ハレルヤ

誰も知らないのハレルヤのレビュー・感想・評価

誰も知らない(2004年製作の映画)
4.0
公開当時柳楽優弥の名演技がカンヌ国際映画祭で評価され、大きな話題を集めたこの作品。

4人の子供が母親に置き去りにされるという1988年に東京で本当にあった事件がモチーフになっています。

とにかく柳楽優弥のデビュー作と思えないほどの演技力に釘付けでした。彼が演じる明は初めは長男として妹と弟たちの世話を一手に担い、不在になりがちな母親の代わりを懸命に務めていました。

しかし次第に母親は全く帰ってこない。

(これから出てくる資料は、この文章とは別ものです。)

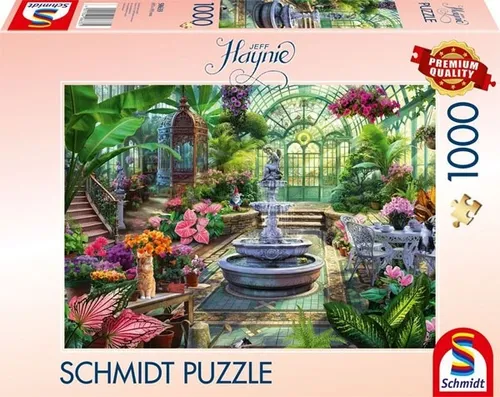 Schmidt Spiele Puzzle Viktorianisches Gewächshaus 1000 Teile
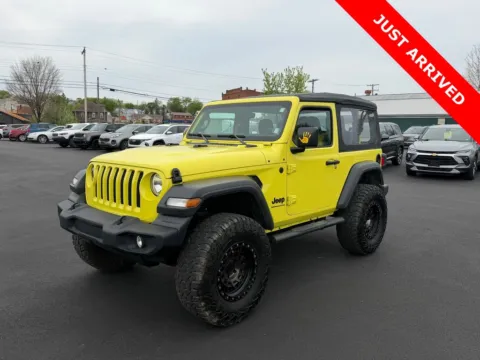 Yellow 2023 Jeep Wrangler Sport for sale in DuBois, PA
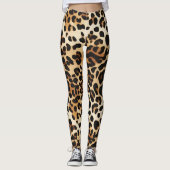 Leopardenmuster Leggings (Vorderseite)
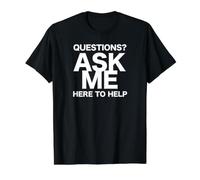 Questions? Ask Me Here to Help Value Graphic T-Shirt, Men, Black, XL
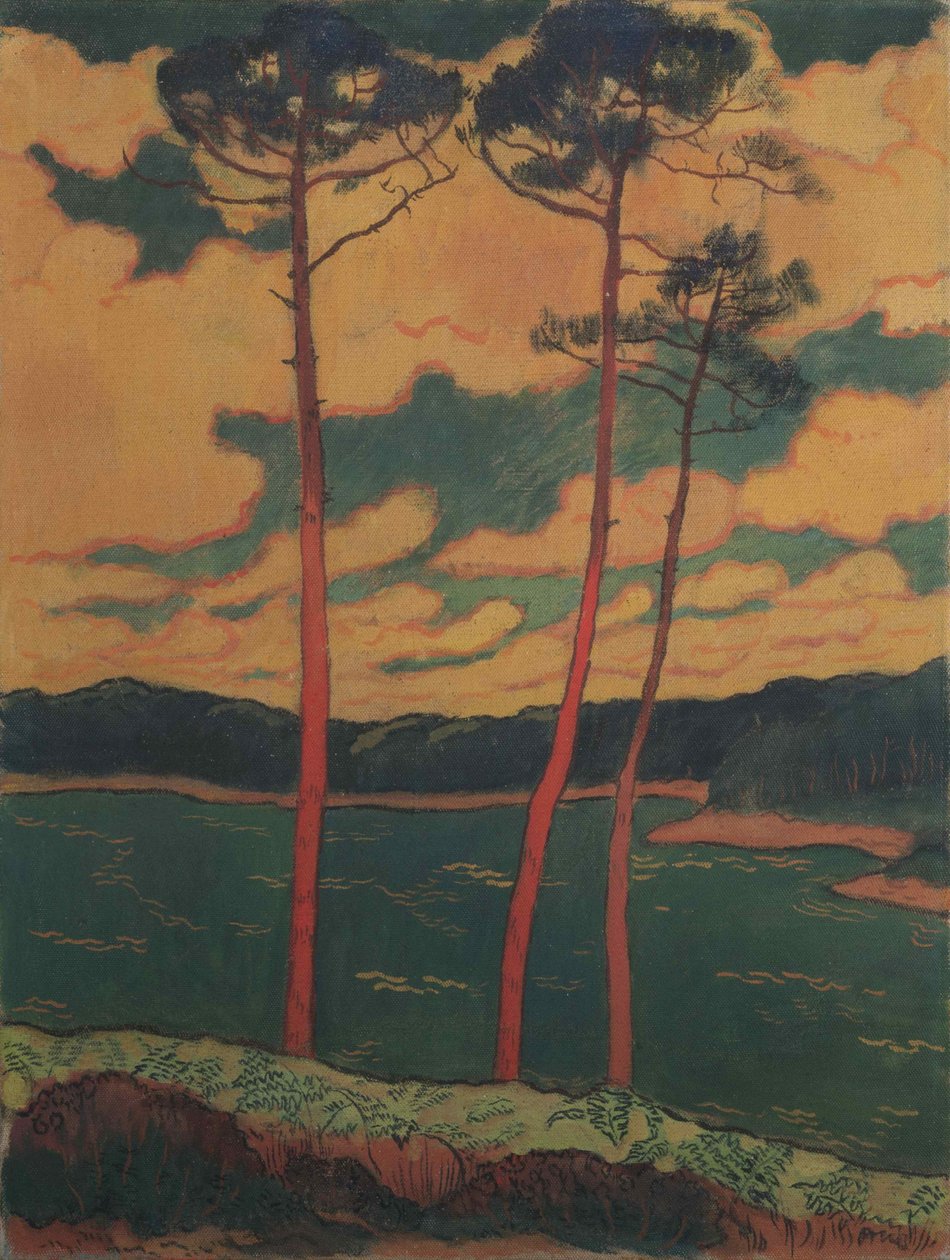 The Red Pines by Georges Lacombe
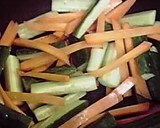 簡単副菜 キュウリと人参のカレーマヨ炒め作り方2写真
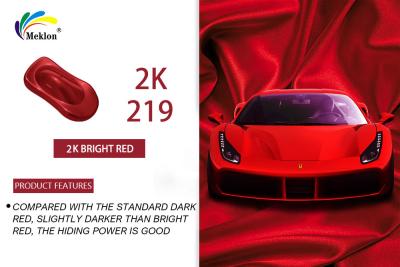 Stable Harmless Auto Paint Top Coat , Weatherproof Red Gloss Car Paint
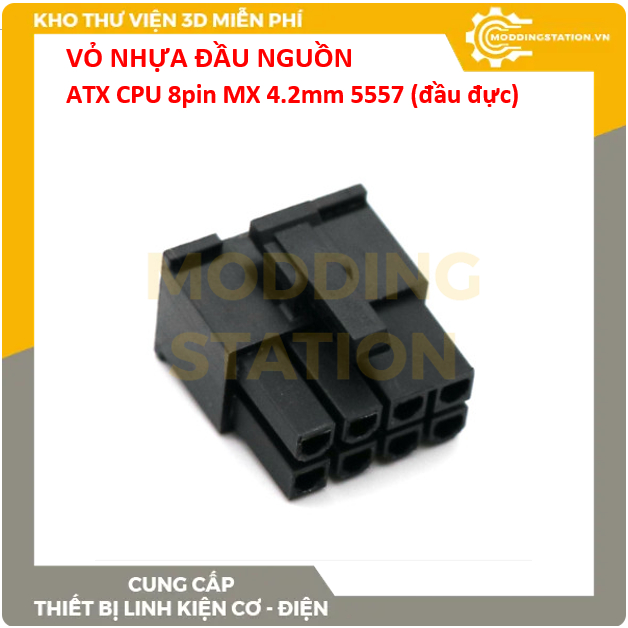 Vỏ nhựa đầu nguồn ATX 6pin - 24pin MX 4.2mm 5557/5559
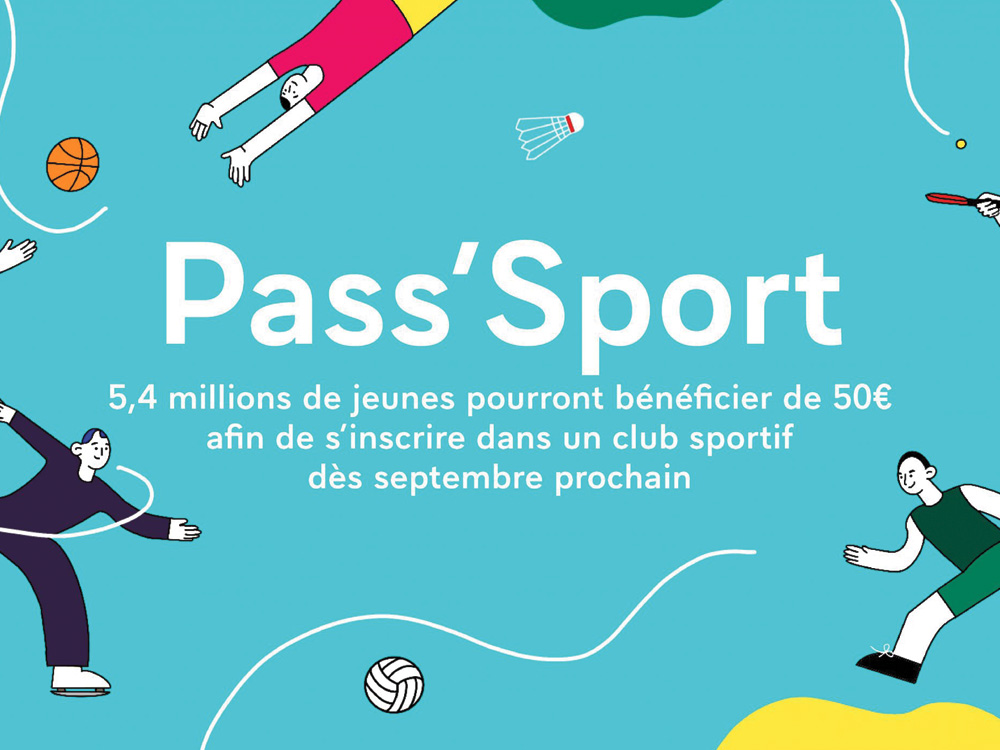 Le Pass Sport – 50 euros pour les jeunes de 6 à 18 ans pour s’inscrire dans un club de sport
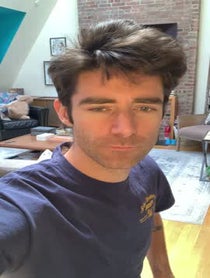 Poster for Birthday video from Drew Gehling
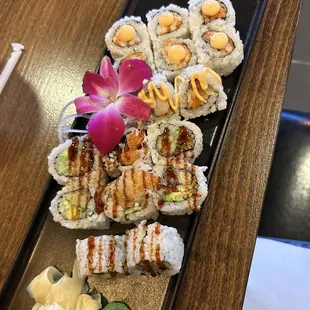 Any 2 Rolls Lunch Special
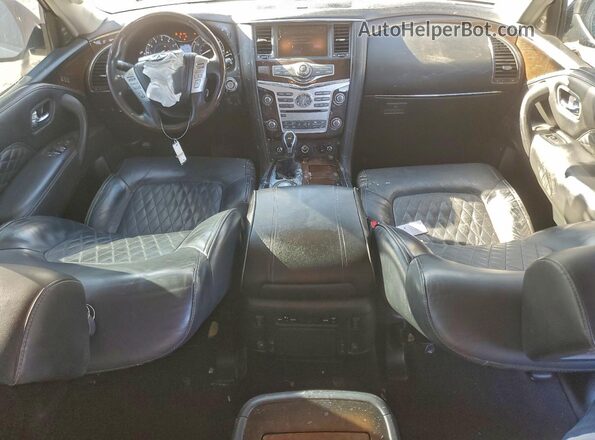 JN8AZ2NF2J9664580 2018 INFINITI QX80 Серебряный Вид панели приборов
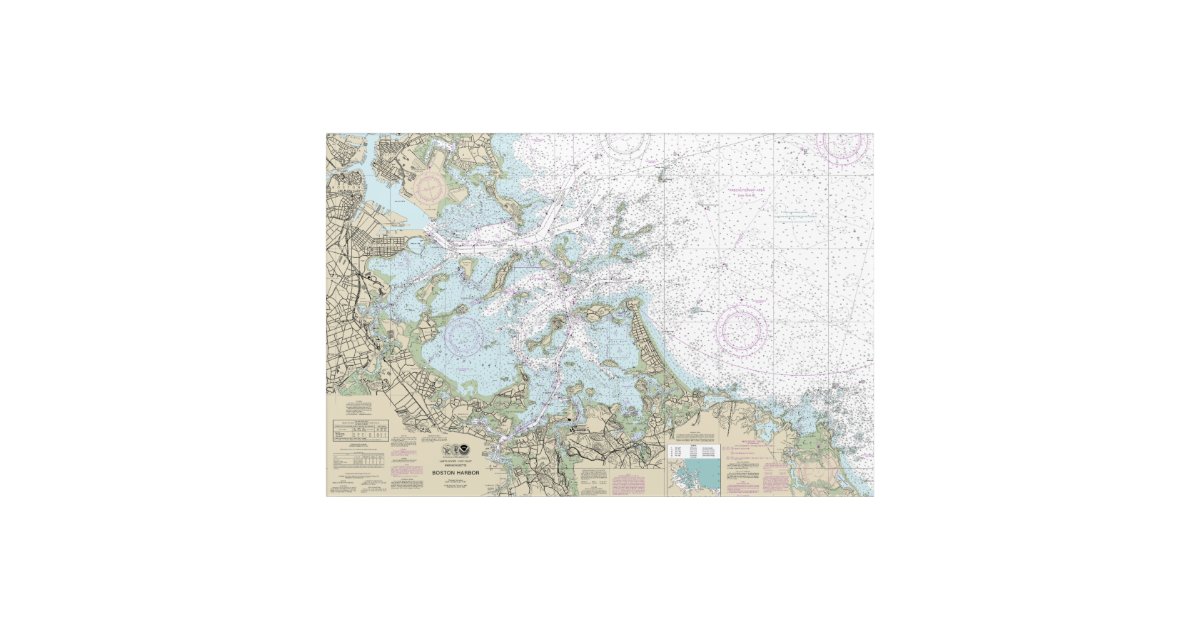 Boston Harbor Nautical Chart 13270 Acrylic Print Zazzle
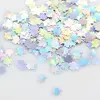 Ultrathin Maple Leaves Shape Sequins Nail Glitter Paillettes Laser Silver Eo-Friendly PET Sequin Nails Art Material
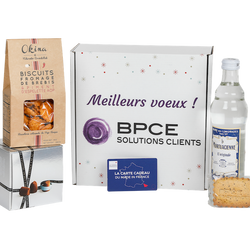 coffret gourmand personnalisé BPCE - Le cadeau Français
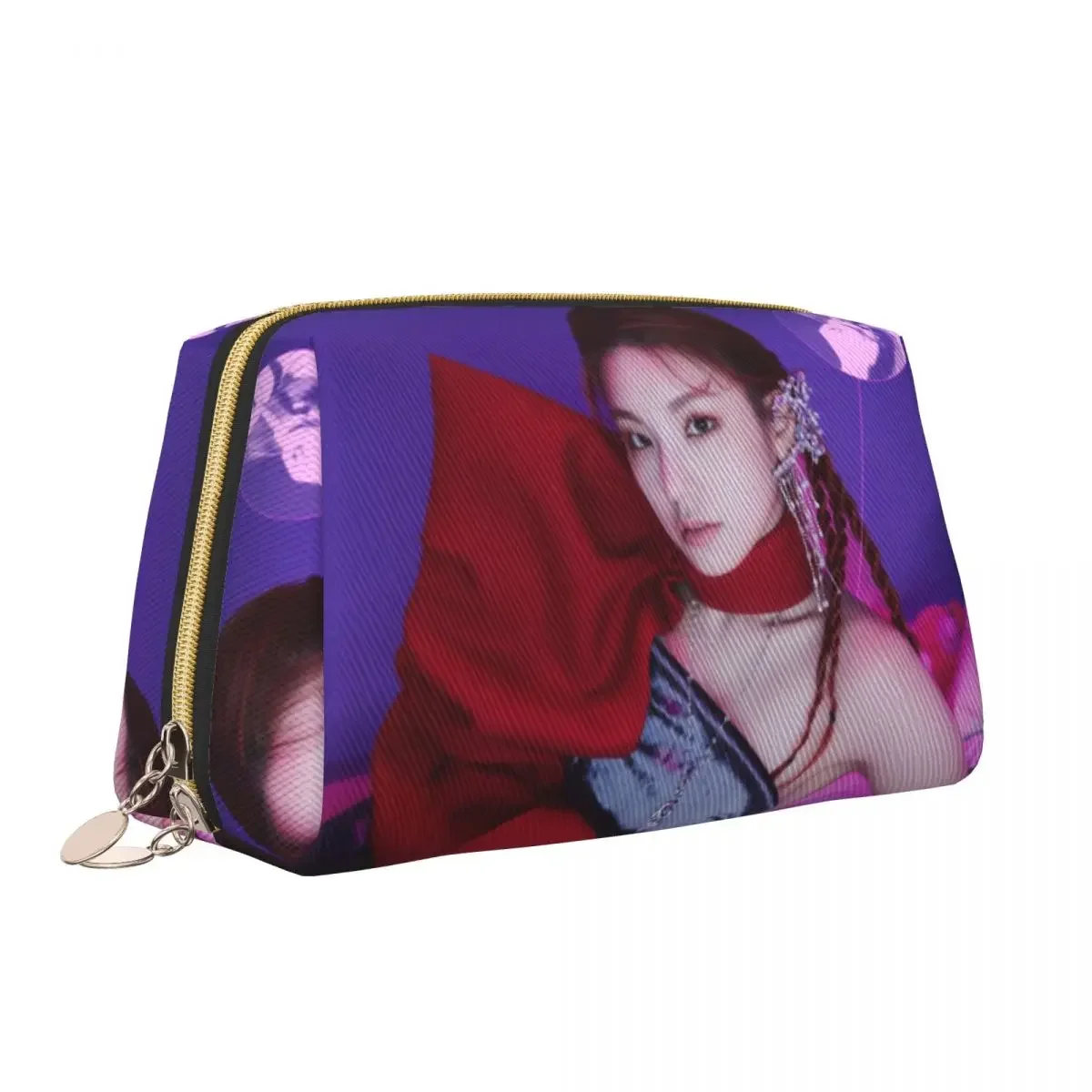 Custom ITZYS Kpop Star Girl Group Travel Cosmetic Bag Women Makeup Toiletry Organizer Ladies Beauty Storage Dopp Kit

お金も底をつく。電気も水道も止められる。学校にも行けない。そんな劣悪な状況に追い詰められていく姿が強く響いてきます。特に叫んだり、暴れたりしなくても、何かを強く訴えかける彼の目力が全てを表しているようでした。そりゃカンヌで主演男優賞取れるわけだわ。

映画の中盤までは、それほど悲壮感がなく、子供たちの無邪気さが前に出ている感じでしたが、後半から徐々に滲み出てくる現実の壁。そして終盤の悲劇へと繋がっていく流れは是枝監督の見事な腕前。

そして厳しい現状だけじゃなく、それを束の間忘れさせてくれる友達との遊びや少年野球などの演出も、対比の効果が凄く効いていましたね。

劇中はあくまで親がいない子供たちの生活に焦点を当てていて、あまり余計な要素は加えていないところが、この映画の主題を明確に示していたと思います。

そしてこの映画の大人たち。母親が最悪なのは勿論の事ですが、他にも一応の支援をしてくれたコンビニ店員。異様な実態を目にしていた大屋さん。こういった人たちも薄々は気付いていたはずなのに、誰も本当の助けの手を差し伸べなかった事に対しても、社会のあり方を問いかけているように思えました。

脇にも平泉成、遠藤憲一、キム兄、寺島進、加瀬亮という豪華な顔ぶれが揃っているのも、この映画の見所の1つ。映画としてしっかり見せながら、深いテーマを投げ掛ける見応えのある作品です。